Syria’s Assad Looks Weaker as Currency Slides and Army Fractures

Syria’s Assad Looks Weaker as Currency Slides and Army Fractures
Syrian President Bashar al-Assad speaks with Syrian troops during his visit to the front line in the eastern Damascus district of Jobar, Syria, Dec. 31, 2014 (AP Photo/SANA).

Last week, the value of Syria’s currency hit a record low against the dollar. On the black market in Damascus, dealers told Reuters, a dollar cost as much as 315 Syrian pounds. That wasn’t even as bad as other parts of Syria, where the currency traded for as much as 328 pounds to a dollar—a precipitous spike since the start of the year, when the rate hung around 220 pounds to the dollar.
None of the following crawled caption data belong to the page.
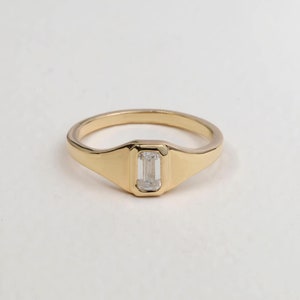 May include: A gold ring with a rectangular, clear gemstone set in a bezel setting.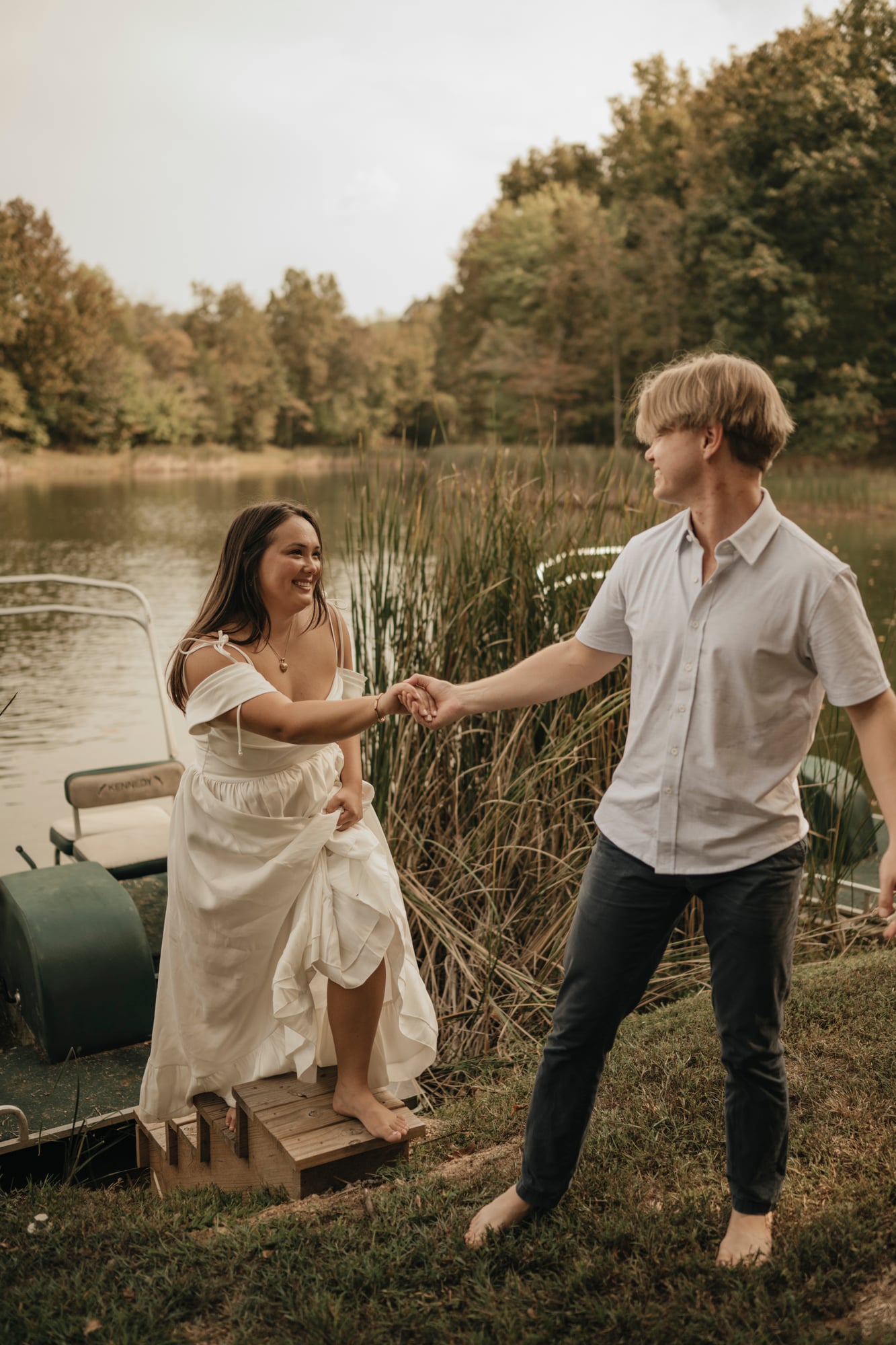 Couple at the lake shore stepping off a paddle boat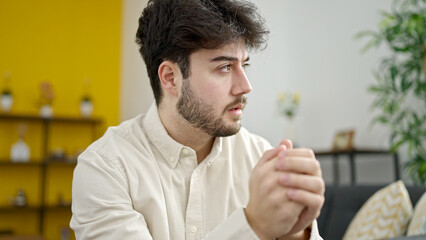 Poster - Young hispanic man sitting on sofa with serious expression at home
In 2011, when the uprising against Syrian President Bashar al-Assad began, it was around 47 pounds.

The collapsing currency was the latest sign of the Assad regime’s growing troubles, as a string of rebel victories and rumors of internal discord exposed more weaknesses in the regime than many previously assumed. The New York Times reported on strains within the overstretched, exhausted Syrian army, which has been reduced from 250,000 to 125,000 troops by casualties and desertions. The regime has made up for that loss with an influx of irregular troops, as many 125,000 of them, according to the Times, including Hezbollah and other Iranian-backed militias, as well as “Iranian-trained Iraqis, Pakistanis and Afghan Hazaras.”

That shift, Anne Barnard, Hwaida Saad and Eric Schmitt reported, “has accelerated the transformation of Syria’s once-centralized armed forces into something beginning to resemble that of the insurgents: a patchwork of local and foreign fighters whose interests and priorities do not always align.” It has also sparked jealousy, with Syrian soldiers complaining about their better-armed, fed and paid militiamen—especially Hezbollah, whose fighters are paid in dollars, while Syrian troops must make do with weakening pounds.